Saudi Ties


(Daniel Pipes is director of the Middle East Forum and the author of several books, most recently Militant Islam Reaches America. You may visit his website by clicking here and purchase his books by clicking here.)



Their difference highlights a problem that needs addressing through Congressional legislation: undue Saudi influence deriving from the spread of its money.

Senators spoke out forthrightly and honestly on the issue raised by the princess' donations.

• Joseph I. Lieberman (Democrat of Connecticut): “Either [the Saudis] have to change or the relationship that we have with Saudi Arabia is going to change dramatically. For too many generations, certainly years, they have pacified and accommodated themselves to the most extreme fanatical elements of Islam.”

• John McCain (Republican of Arizona): “The list goes on and on of Saudi failures and the central role that they have played in one way or another in the rise of Islamic fundamentalism all over the world.”

• Mitch McConnell (Republican of Kentucky): “The Saudis are on all sides of every issue. We, in some ways, have had a good relationship with them over the years, and in other ways, it appears as if they're funding our enemies.”

• Richard C. Shelby (Republican of Alabama): The Saudis have got “a lot of answering to do in my judgment.”

The senators also criticized U.S. law enforcement's reluctance to deal with the problem of Saudi financing of terrorism. Lieberman noted that “The FBI and maybe other parts of our government have seemed to want to almost defend the Saudis, or not be as aggressive as they should be about the Saudis.” Charles E. Schumer (Democrat of New York) concurred: “It seems every time the Saudis are involved, we stop [doing a proper investigation].”

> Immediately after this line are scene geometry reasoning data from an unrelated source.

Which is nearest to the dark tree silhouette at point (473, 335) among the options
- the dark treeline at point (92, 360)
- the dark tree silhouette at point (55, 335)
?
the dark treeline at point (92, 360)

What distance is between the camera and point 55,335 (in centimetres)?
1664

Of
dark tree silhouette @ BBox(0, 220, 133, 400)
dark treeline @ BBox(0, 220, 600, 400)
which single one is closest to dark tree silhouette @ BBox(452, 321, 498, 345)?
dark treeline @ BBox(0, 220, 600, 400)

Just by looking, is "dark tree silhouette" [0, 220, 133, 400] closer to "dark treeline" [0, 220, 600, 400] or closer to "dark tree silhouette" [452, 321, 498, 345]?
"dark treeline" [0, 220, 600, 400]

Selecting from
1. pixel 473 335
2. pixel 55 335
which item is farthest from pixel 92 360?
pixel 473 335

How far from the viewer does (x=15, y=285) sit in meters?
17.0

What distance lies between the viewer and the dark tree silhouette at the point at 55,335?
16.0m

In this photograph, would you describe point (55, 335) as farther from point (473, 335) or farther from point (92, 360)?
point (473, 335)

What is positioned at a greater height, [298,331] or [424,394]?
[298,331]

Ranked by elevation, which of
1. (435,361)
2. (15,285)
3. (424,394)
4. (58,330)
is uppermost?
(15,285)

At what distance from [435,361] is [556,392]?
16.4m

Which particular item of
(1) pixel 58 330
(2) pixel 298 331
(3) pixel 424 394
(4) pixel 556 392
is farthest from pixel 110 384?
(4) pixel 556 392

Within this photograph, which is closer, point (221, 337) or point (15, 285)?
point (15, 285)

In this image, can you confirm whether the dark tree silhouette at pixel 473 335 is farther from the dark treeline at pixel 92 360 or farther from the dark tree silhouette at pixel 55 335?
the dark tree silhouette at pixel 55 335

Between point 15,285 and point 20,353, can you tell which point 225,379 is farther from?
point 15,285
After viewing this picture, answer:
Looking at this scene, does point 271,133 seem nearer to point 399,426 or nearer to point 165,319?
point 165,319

In contrast, the Bush administration offered excuses for the couple and glossed over the problems of law enforcement.

Secretary of State Colin L. Powell poured cold water on the revelations: “I think it's unlikely that Prince Bandar or Her Royal Highness would do anything that would support terrorist activity” – a most unusual endorsement given that the FBI is actively investigating this matter.

The State Department spokesman, Richard A. Boucher, praised Saudi efforts to prevent the financing of terrorism as “very strong,” though he did concede that “there is always more to be done.”

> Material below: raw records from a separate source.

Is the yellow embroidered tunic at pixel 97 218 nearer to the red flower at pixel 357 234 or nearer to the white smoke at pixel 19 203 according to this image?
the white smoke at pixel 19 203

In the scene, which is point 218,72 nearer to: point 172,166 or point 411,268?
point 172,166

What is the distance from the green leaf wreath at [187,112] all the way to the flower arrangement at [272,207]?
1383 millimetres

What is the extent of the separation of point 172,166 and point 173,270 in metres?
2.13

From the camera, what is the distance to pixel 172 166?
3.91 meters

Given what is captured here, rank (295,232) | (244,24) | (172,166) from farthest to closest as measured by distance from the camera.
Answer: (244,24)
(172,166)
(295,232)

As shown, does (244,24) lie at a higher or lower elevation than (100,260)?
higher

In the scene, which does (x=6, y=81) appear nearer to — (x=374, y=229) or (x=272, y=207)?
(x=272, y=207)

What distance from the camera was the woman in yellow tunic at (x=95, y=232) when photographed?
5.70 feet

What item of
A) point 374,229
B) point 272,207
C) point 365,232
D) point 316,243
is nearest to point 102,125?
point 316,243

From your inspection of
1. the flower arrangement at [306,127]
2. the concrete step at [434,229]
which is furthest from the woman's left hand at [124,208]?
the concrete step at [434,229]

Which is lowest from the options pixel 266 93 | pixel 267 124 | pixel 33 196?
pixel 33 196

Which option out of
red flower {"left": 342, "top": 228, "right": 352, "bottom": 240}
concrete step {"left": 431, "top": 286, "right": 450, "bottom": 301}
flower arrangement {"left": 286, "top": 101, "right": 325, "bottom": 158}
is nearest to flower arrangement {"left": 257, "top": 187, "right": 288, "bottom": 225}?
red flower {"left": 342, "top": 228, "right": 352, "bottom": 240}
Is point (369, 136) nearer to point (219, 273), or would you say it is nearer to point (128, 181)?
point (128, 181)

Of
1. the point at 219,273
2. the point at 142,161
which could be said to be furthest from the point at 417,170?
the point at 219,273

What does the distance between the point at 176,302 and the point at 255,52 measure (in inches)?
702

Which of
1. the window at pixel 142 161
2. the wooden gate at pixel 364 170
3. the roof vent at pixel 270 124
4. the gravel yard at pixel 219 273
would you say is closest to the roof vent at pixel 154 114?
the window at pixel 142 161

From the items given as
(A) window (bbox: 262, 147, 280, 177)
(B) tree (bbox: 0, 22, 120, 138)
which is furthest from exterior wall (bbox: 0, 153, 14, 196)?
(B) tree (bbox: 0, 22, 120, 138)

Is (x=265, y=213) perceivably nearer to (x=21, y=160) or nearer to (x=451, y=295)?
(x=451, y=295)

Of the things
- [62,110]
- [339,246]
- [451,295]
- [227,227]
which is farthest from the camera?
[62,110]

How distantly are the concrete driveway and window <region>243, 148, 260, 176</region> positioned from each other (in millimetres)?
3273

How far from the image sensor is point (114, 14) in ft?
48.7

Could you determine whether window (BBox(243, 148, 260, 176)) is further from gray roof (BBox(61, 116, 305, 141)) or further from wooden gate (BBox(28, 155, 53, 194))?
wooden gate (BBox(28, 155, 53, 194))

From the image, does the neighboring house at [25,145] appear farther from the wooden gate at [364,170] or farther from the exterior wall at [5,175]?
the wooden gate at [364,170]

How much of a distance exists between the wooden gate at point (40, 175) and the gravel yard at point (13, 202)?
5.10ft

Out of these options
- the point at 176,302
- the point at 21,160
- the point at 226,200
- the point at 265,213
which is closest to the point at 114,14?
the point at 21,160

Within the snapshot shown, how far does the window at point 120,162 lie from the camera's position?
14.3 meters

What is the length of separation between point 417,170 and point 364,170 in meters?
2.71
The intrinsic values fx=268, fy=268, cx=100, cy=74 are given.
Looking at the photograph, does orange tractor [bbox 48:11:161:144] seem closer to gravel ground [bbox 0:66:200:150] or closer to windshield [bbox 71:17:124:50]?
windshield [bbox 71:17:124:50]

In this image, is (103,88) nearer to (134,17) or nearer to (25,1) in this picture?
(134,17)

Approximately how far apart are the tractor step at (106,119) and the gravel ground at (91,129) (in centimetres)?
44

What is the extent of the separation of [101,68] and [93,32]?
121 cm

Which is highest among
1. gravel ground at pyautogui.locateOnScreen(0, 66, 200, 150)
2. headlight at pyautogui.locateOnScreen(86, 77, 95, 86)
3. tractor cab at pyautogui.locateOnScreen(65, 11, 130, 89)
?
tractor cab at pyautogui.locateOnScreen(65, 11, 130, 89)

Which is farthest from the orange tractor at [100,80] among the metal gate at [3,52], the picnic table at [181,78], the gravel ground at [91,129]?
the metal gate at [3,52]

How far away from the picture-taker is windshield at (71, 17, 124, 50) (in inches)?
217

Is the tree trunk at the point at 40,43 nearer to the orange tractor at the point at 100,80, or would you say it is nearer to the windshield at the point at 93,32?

The president's press secretary, Ari Fleischer, promoted the self-serving Saudi line that Osama bin Laden specifically recruited Saudi hijackers for the 9/11 attacks to “drive a wedge” between the United States and Saudi Arabia. (This idea is palpably false: that 15 out of 19 hijackers were Saudi was not a political ploy but the result of the fact, as Stephen Schwartz explains, that “Saudis are the largest national contingent by far in al Qaeda.”)

The most embarrassing display by the administration, however, came from the distaff side. Colin Powell's wife Alma and the president's mother Barbara – both of whom have a history of socializing with the princess – called Haifa al-Faisal to express what The New York Times delicately termed their “support and sympathy.”

Why this undue solicitude for Saudi feelings? This hedging by the Executive branch fits a pattern going back almost sixty years, to when President Roosevelt met the Saudi king in 1945.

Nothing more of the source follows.